In early 2016, the FDA acknowledged the impact Ocrevus had on primary progressive MS by designating it a Breakthrough Therapy. Later that year, the agency also granted priority review to Ocrevus’ Biologics License Application (BLA).

Final data

Genentech published data from the three Phase 3 trials — data that led to Ocrevus’ approval. The two December 2016 publications in the New England Journal of Medicine confirmed what the company had shared in various conference presentations.

In relapsing patients, the annualized relapse rates were 46% and 47% lower among the Ocrevus-group patients than among those treated with Rebif. Ocrevus-treated patients had 94% to 95% fewer new inflammatory brain lesions over the 96-week trial. The two trials also showed that 64% and 89% more patients receiving Ocrevus had “no evidence of disease activity,” or NEDA — a measure taking into account brain lesions, disability progression, and symptom relapses.

“The consistency of these pioneering data, the effect seen in these clinical studies and the favorable safety profile may support treating MS earlier with a high-efficacy disease-modifying medicine,” Stephen Hauser, MD, chair of the Scientific Steering Committee of the OPERA studies, director of the Weill Institute for Neurosciences, and chair of the Department of Neurology at the University of California, San Francisco, said in a press release at the time. Hauser was among the researchers who first started exploring B-cell mechanisms in MS.

In primary progressive patients, Ocrevus lowered the risk of six-month disability progression by 25% over the 120-week trial compared to placebo. As in relapsing patients, the treatment also lowered the number of brain lesions, which were fewer at the trial’s end than at its start. Placebo-treated patients, however, continued with a steady increase in brain lesions throughout the study.

Genentech continued analyzing trial data after publication. At a recent ACTRIMS 2017 Forum, it revealed that NEDA rates in relapsing patients actually increased as treatment with Ocrevus lengthened, while no such increase was seen among Rebif-treated patients.
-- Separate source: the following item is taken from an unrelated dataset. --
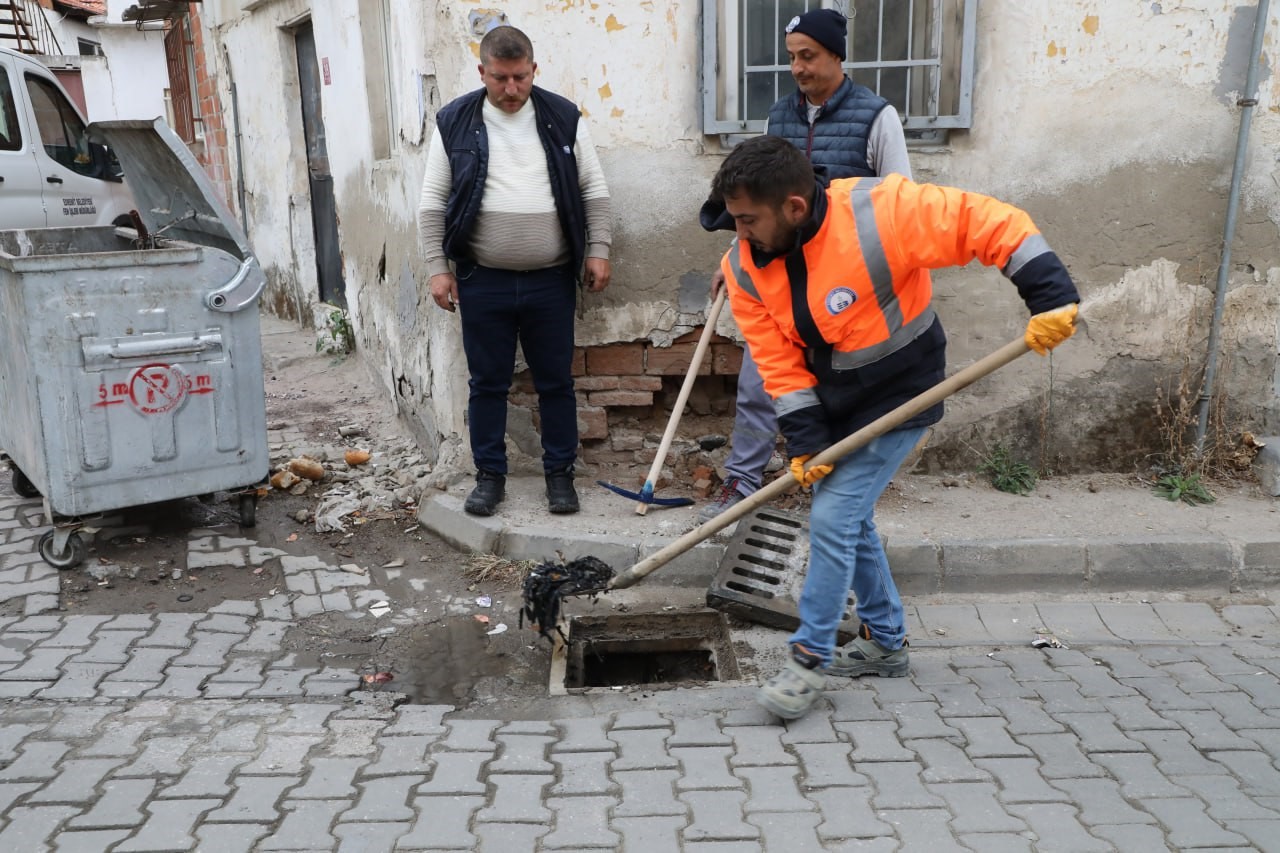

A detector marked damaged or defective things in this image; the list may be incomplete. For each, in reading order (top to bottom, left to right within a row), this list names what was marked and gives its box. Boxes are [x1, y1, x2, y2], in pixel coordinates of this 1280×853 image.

peeling plaster wall [199, 0, 1280, 471]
It also presented an analysis showing “no evidence of progression” (NEP) in patients with progressive disease. Ocrevus increased NEP by 47% compared to placebo, with a total of 42.7% of patients achieving NEP over the course of the trial.

The drug’s safety profile is surprisingly benign, given its effectiveness. The three trials found a similar extent of adverse events and infections, as well as serious adverse events and serious infections, in both Ocrevus-treated and control groups.
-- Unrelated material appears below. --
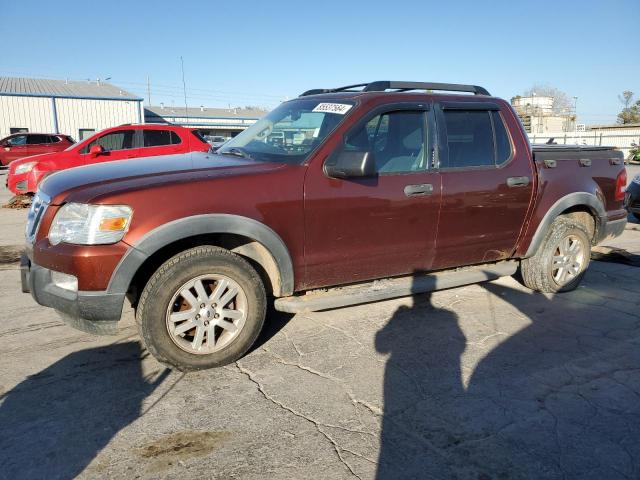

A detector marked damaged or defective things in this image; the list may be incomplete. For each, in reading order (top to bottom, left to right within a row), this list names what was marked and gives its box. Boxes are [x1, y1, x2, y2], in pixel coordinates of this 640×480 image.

cracked concrete [1, 168, 640, 476] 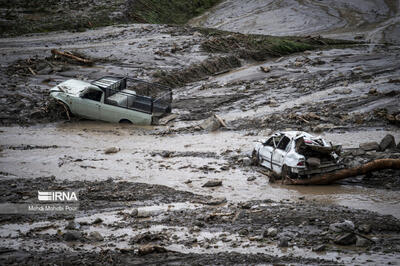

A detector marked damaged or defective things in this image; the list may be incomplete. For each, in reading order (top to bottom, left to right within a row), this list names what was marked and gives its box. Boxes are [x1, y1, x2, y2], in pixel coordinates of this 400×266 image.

Its efficacy, along with this good safety profile, has people suggesting that Ocrevus should, in fact, be considered as a first-line treatment in MS, much as Hauser earlier hinted might be the case.
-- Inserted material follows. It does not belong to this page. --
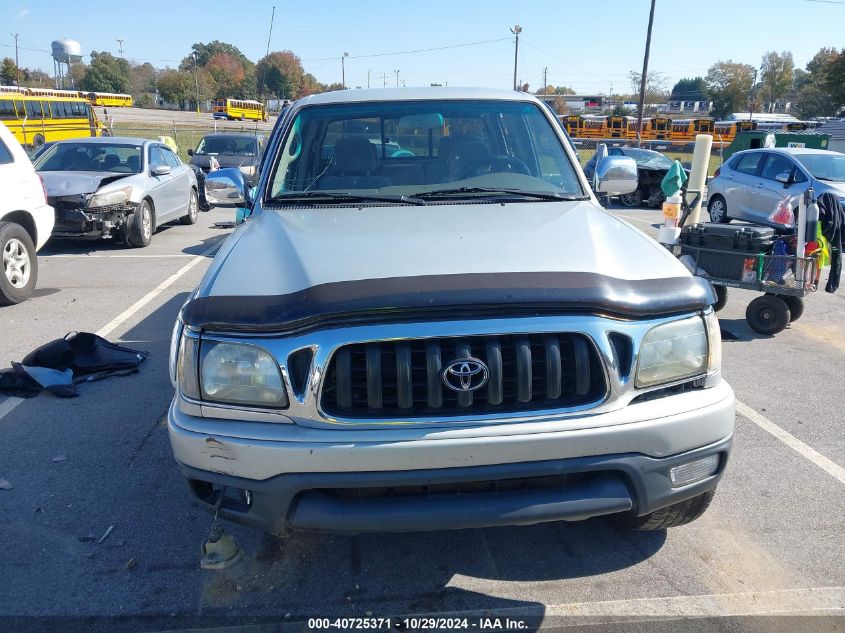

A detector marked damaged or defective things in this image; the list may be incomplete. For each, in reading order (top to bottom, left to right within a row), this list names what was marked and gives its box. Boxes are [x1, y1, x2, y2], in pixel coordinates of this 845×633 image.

This optimism is, however, tempered by concerns of increased cancer risks. In all three trials, cancer rates were twice as high among those who received Ocrevus than among respective control group patients.

“Rates of malignancy with ocrelizumab treatment remain within epidemiological reports and no clear relationship between B-cell suppression and malignancy has been established,” said Chin, who also reassured patients that Genentech is working to understand why the rates were numerically higher.

“Patient safety is very important to us and we are committed to closely and continuously monitoring all safety data, including malignancy rates, in ongoing and future clinical studies.”

Orevus’ approval will also allow for the gathering of safety data beyond a clinical trial setting.

“The B-cell saga in MS has provided a cornucopia of surprises, thrilling insights, several disappointments, numerous still-to-be-solved conundrums, and also a few generic lessons,” Hauser wrote in a lecture on the topic in 2015, voicing perhaps what is now obvious: The last word has yet to be said when it comes to B-cell depletion in MS.

Or, indeed, when it comes to Ocrevus itself.